Anthropologists now know that Polynesians colonized the Pacific 1000 years before Columbus crossed the Atlantic ocean. The area of the Pacific ocean traveled by these seafaring peoples is larger than all the landmass on earth combined. How did they do it? By bringing with them plants and animals that could sustain a colony in newly found lands. Archeological evidence shows that this advanced and highly sophisticated society arrived in Hawai’i sometime between 250 A.D. and 450 A.D. and began to develop an agricultural system that would eventually support hundreds of thousands of people by the time western explorers arrived in the late 1700’s.
Breadfruit trees are one of the highest yielding food plants known.
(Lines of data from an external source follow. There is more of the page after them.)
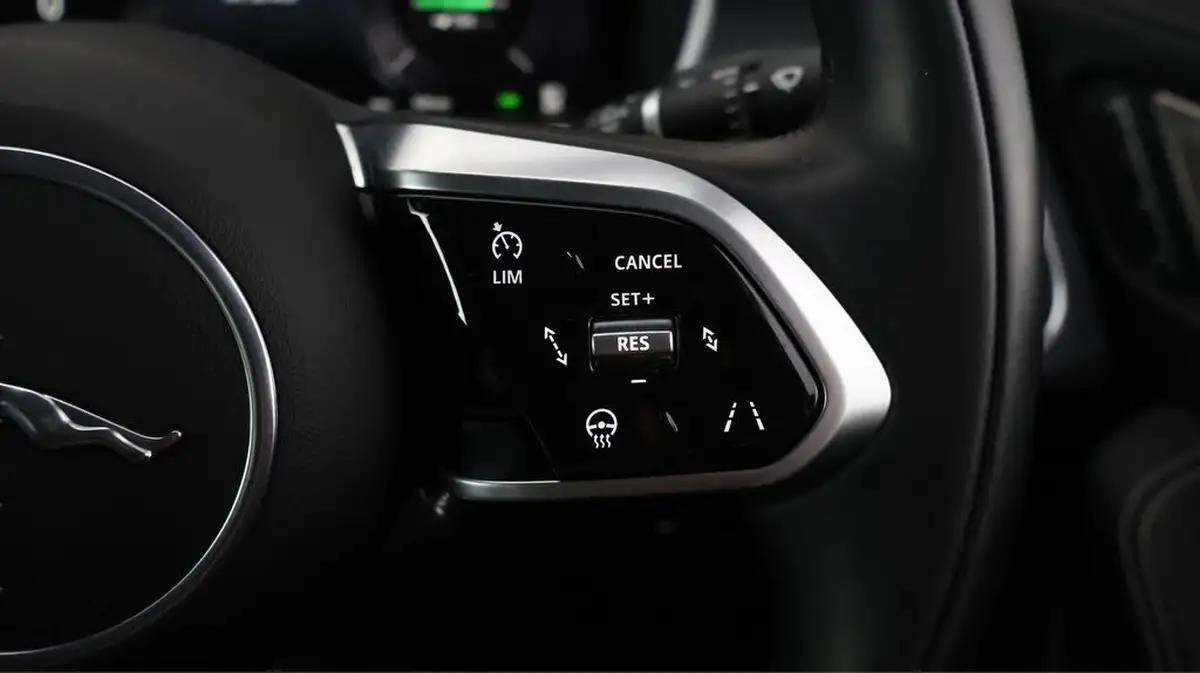 2022-jaguar-i-pace-ev400-hse-black-big-25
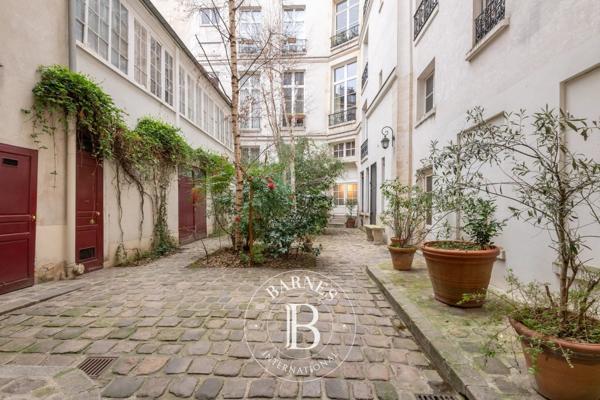 Paris 3ème, Appartement 1 Chambre -  134 m² à vendre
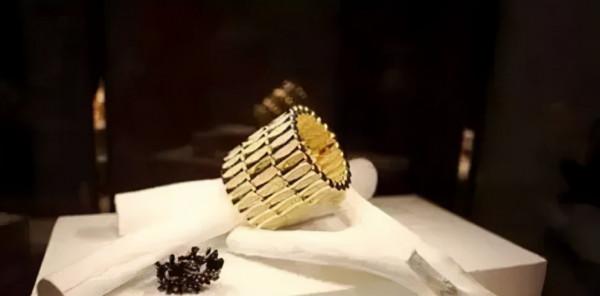 為什麼現在寶玉石都用K金鑲嵌? 為什麼現在寶玉石都用K金鑲嵌?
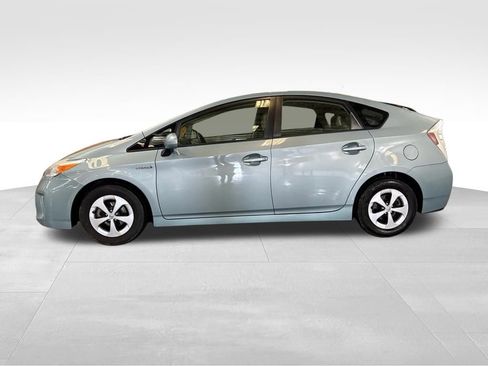 Used 2015 Toyota Prius Two image 2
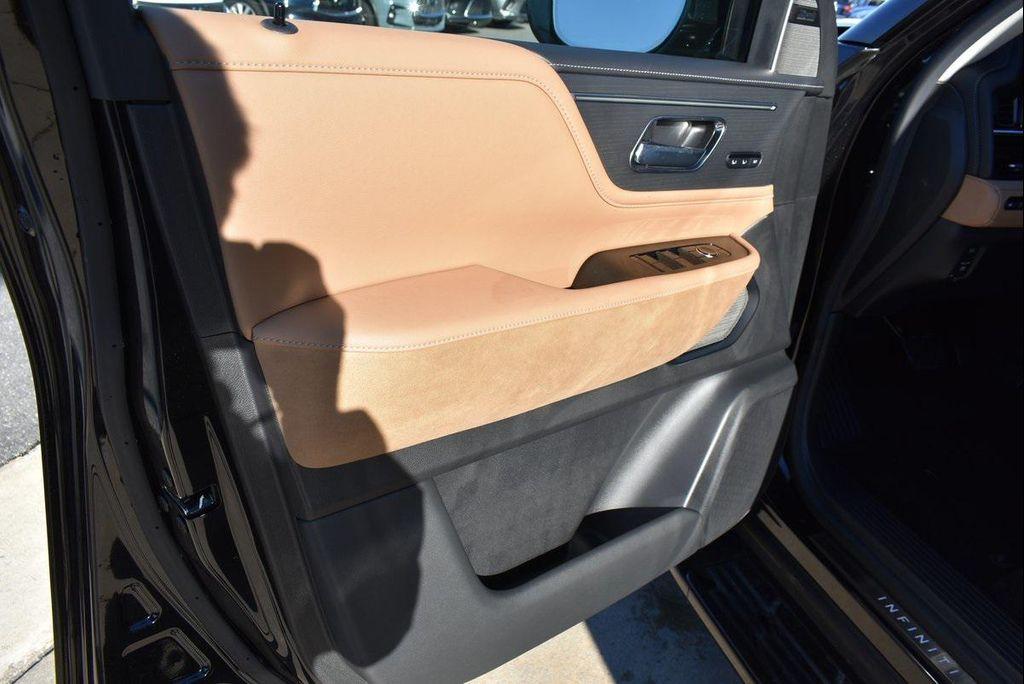 new 2025 INFINITI QX80 car, priced at $87,464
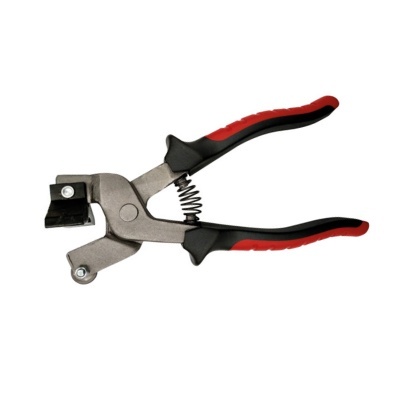 Alicate com cabo vermelho e preto e estrutura metálica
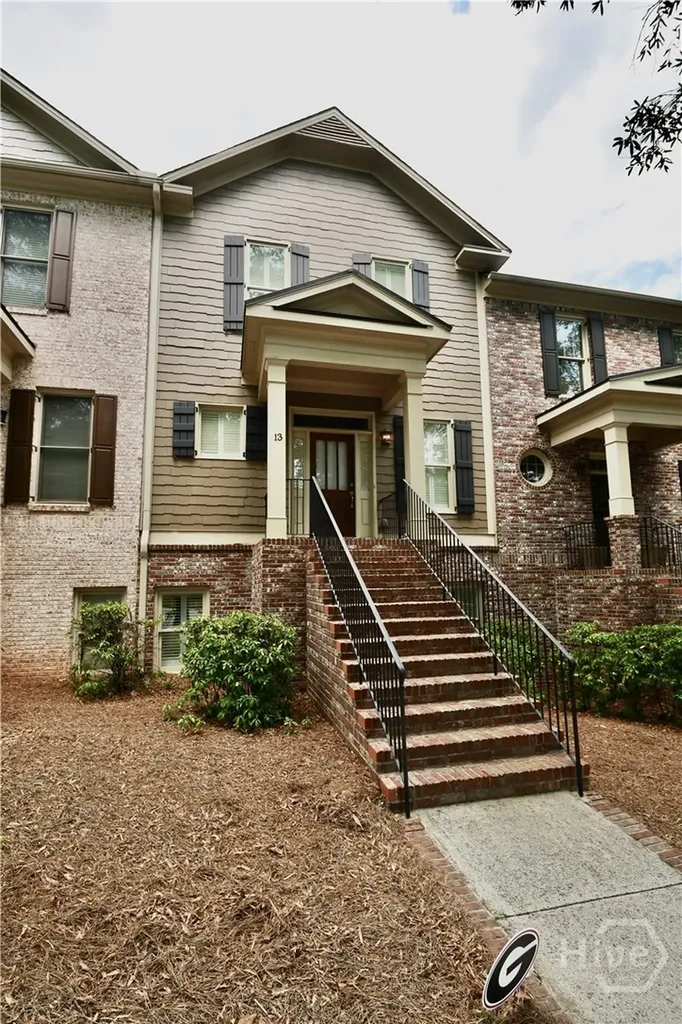 2305 S Lumpkin Street Athens GA 30606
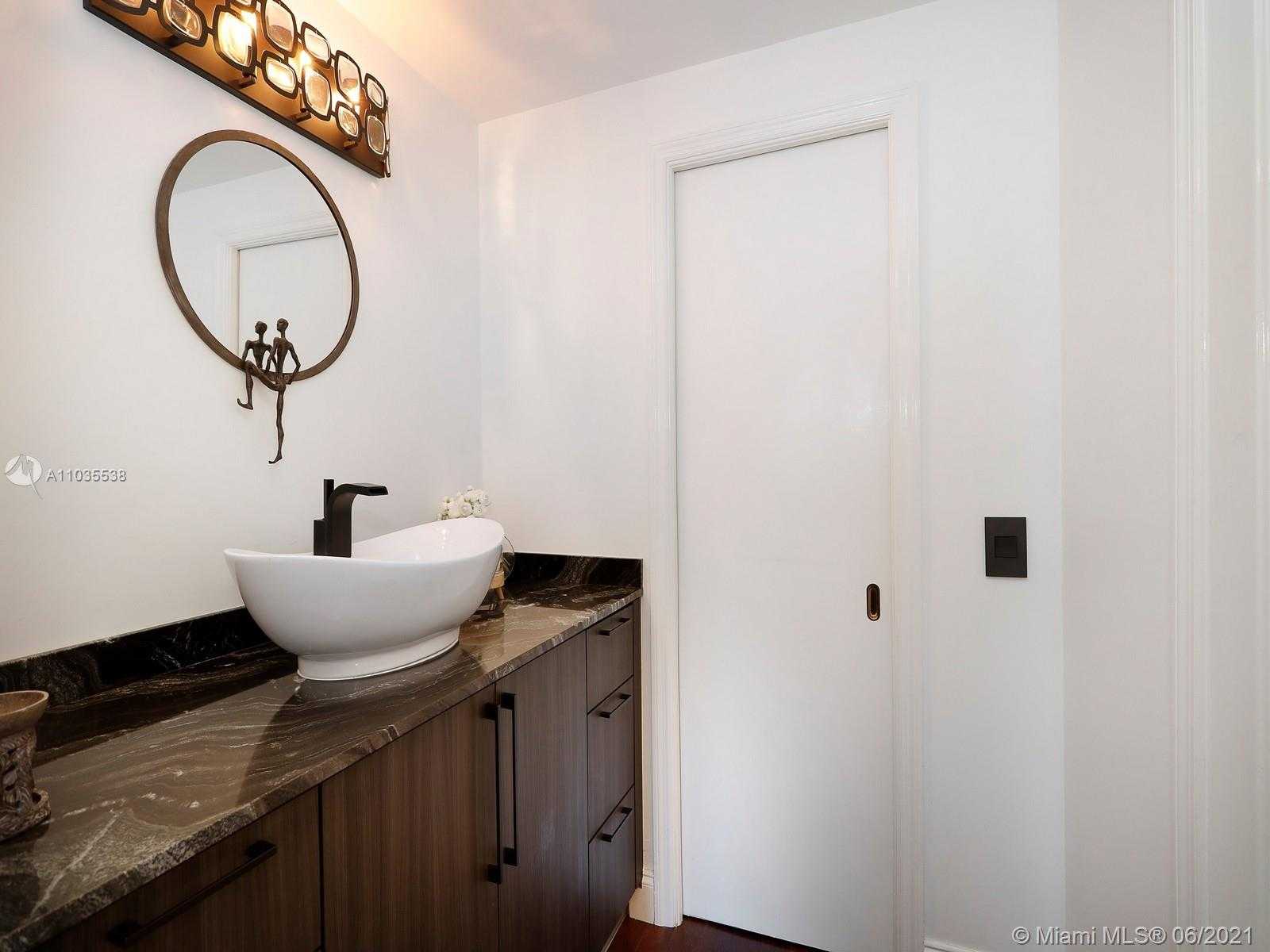 Small Image of 614 VALENCIA AVE #103, Coral Gables Number 24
A single tree can produce between 50 to 150 fruits per year (yield varies between wet and dry areas) and their round, oval or oblong fruits can weigh as much as 12 pounds!
Breadfruit trees can grow to a height of 85 ft and all parts of the tree yield a latex sap which is useful as a sealant such as for canoe caulking. It’s light sturdy timber was used for canoe outriggers and house construction.
As a Food Source
This extremely versatile fruit can be prepared and eaten in all stages of development and maturity, ripe as a fruit or mature as a vegetable. Today mature fruits are used for most dishes due to the breadfruits potato-like texture.
Breadfruit is gluten free and packed with nutrients. It was one of several “super foods” in ancient times (along with taro & coconut) that enabled the Hawaiians to colonize the eight main Hawaiian islands with what may have been close to 1 million people!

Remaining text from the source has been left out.